For the past two weeks I’ve been in Scotland with my mother and daughter, a three-generation journey to reconnect with our roots and each other. Instead of a chronological travelogue I’d like to offer up snippits, collections of photos and stories that begin to fill out the incredibly rich narrative of our trip. In two weeks we saw so much, spent every waking and sleeping moment together, and got to really know Scotland from the soles of our feet to our noses.
First, a few pictures from a hill on the Isle of Skye, near Dunvegan. We were heading to the castle at Dunvegan but passed an old church and decided to stop. This is what travel should be–the unplanned diversions that trump the destinations. From there we spotted a standing stone rising up like a finger from the brow of a grassy hill. CH could not be stopped–even as my mom and I poked around the church ruins, CH was charging up the hill like a Marine. She came back breathless with tales of caterpillars, waving grass, and the big stone. I had to go explore with her.

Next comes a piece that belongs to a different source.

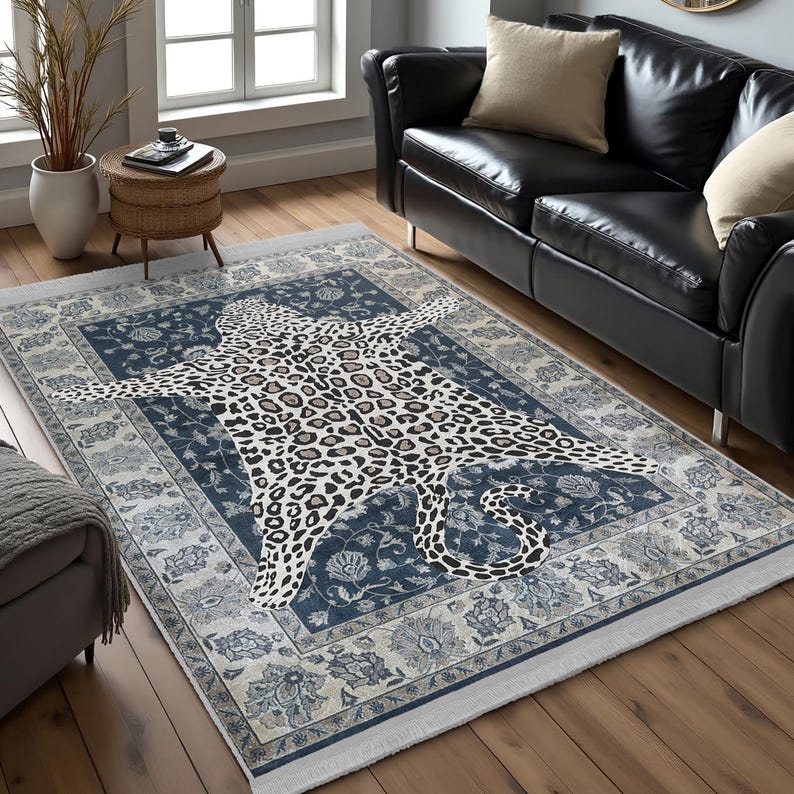 Leopard Design Area Rug-navy Floral Accent Carpet-animal Motif Square ...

The standing stone was put there a bit more recently than you’d think: 2000 AD. Just fifteen years ago the inhabitants of Skye raised it using ancient methods (and a bit of concrete around the base) to commemorate…I can’t remember now. From the top of the hill, a stout wind flapping our clothes, we understood why they picked the spot.

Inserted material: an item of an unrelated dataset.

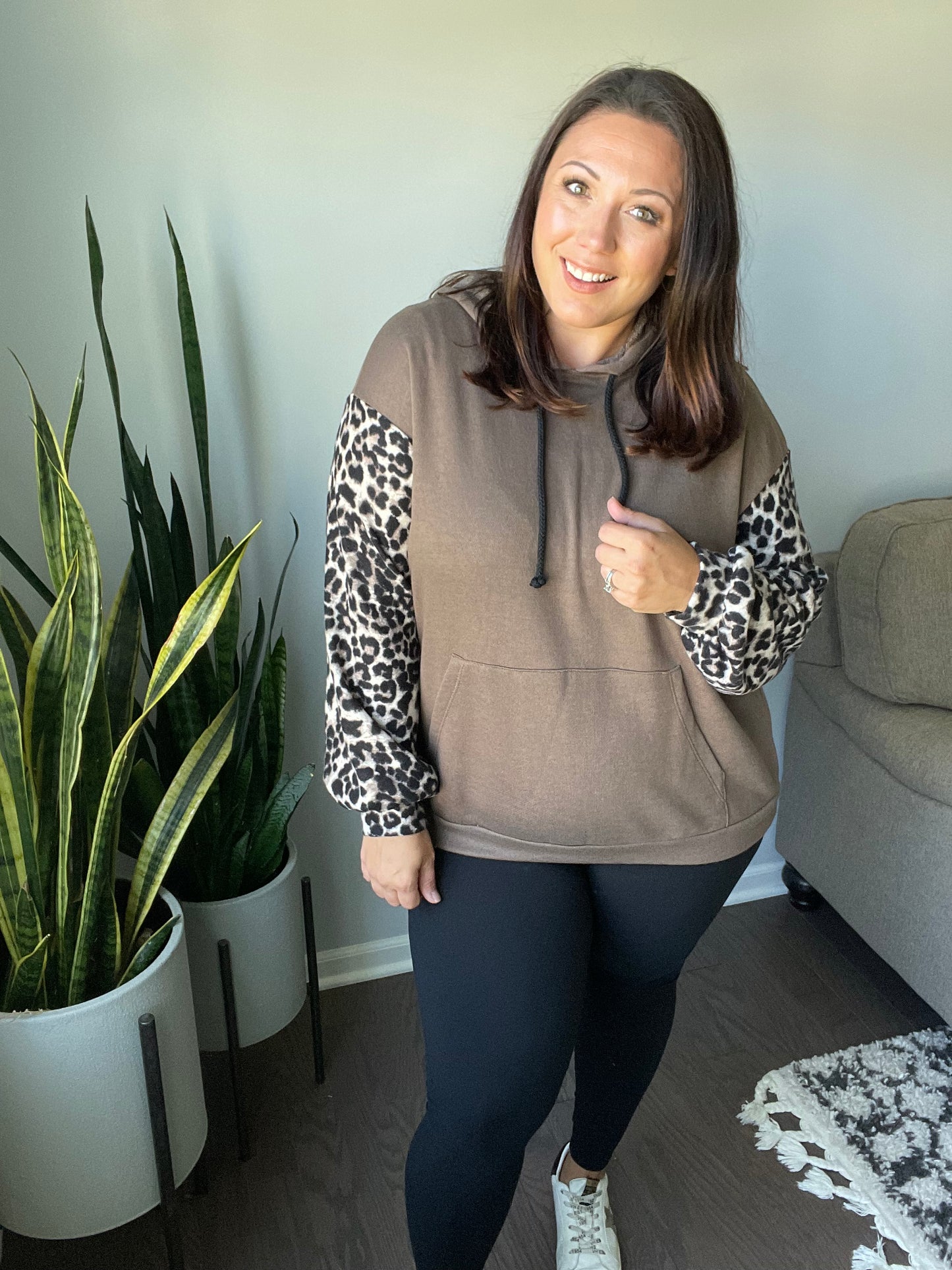 Here And There Leopard Print Hoodie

So often on this trip we came upon scenes too good for a coffee table book–mists shredding above craggy peaks, sheep polka-dotting jade-green fields, and miles of delicate purple heather standing up to unstoppable wind. Maybe because my ancestors hail from Scotland but I feel a rising in my chest when I see this picture, my daughter coming to love and connect with a place I’ve visited twice before and keep going back because it’s one of the places in the world I feel most grounded, most peaceful.
The places we visited and liked the most were apologetically wild: Harris, Lewis, the Cairngorms. In the coming weeks I’ll show a few of my favorite images that give little justice to the wonderful countryside of Scotland, but really you ought to go there yourself. In seven hours from the East Coast you can be stepping off a plane in Edinburgh, feeling the cool damp air on your face that has blown itself clean coming across the Atlantic. You might feel, as CH did in the picture above, compelled to stand and stare, losing yourself in a magical place.
You leave me speechless! I felt exactly the same! What a wonderful connection with family and ancestors. You said it best.